Intersection of filters

olivierd

Jan 24, 2023 2 min read

Intersection of filters

Let $\mathcal F_1$ and $\mathcal F_2$ be filters on a same set $E$ .

Then $\mathcal F = \mathcal F_1 \cap \mathcal F_2$ is also a filter on $E$ .

Proof:

$E$ belongs to both $\mathcal F_1$ and $\mathcal F_2$ , hence it belongs to $\mathcal F$ , and $\mathcal F \neq \emptyset$ .

Since $\emptyset$ is not an element of $\mathcal F_1$ , it is not an element of $\mathcal F$ .

Let $A$ be an element of $\mathcal F$ and $B \subseteq E$ a superset of $A$ . Then $A \in \mathcal F_1$ and $A \subseteq B \subseteq E$ ; hence $B$ is an element of $\mathcal F_1$ . Similarly $B \in \mathcal F_2$ ; hence $B \in \mathcal F$ .

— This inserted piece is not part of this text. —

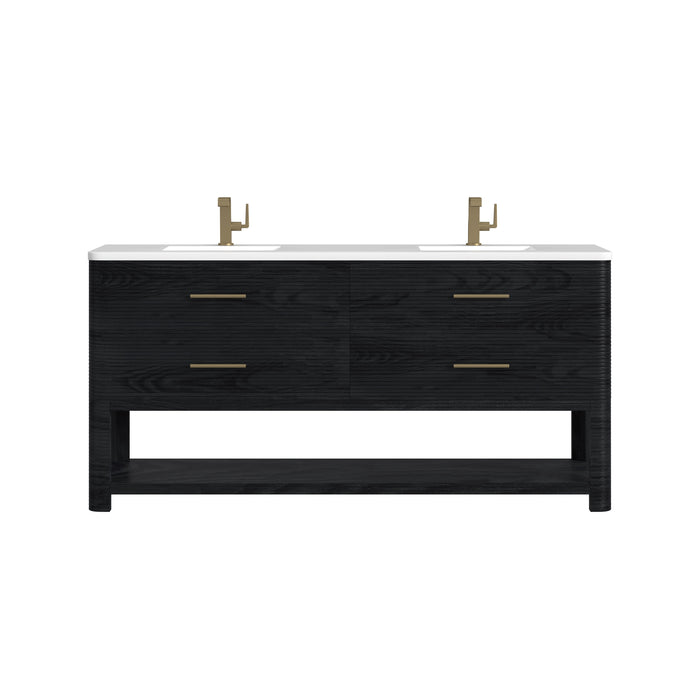 James Martin Lucian 72" Double Bathroom Vanity, Carbon Oak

Let $A$ and $B$ be elements of $\mathcal F$ . Then they are both elements of $\mathcal F_1$ , hence their intersection belongs to $\mathcal F_1$ . Similarly their intersection belongs to $\mathcal F_2$ . Hence $A \cap B \in \mathcal F$ .

Note:

The filter $\mathcal F = \mathcal F_1 \cap \mathcal F_2$ is also equal to the set of unions of an element $X_1$ of $\mathcal F_1$ and an element $X_2$ of $\mathcal F_2$ . In effect, such an $X = X_1 \cup X_2$ is a superset of $X_1$ , hence belongs to $\mathcal F_1$ , and a superset of $X_2$ , hence belongs to $\mathcal F_2$ , and so belongs to $\mathcal F$ . Conversely, an element of $\mathcal F$ belongs both to $\mathcal F_1$ and to $\mathcal F_2$ , and, being the union of itself with itself, is the union of an element of $\mathcal F_1$ with an element of $\mathcal F_2$ .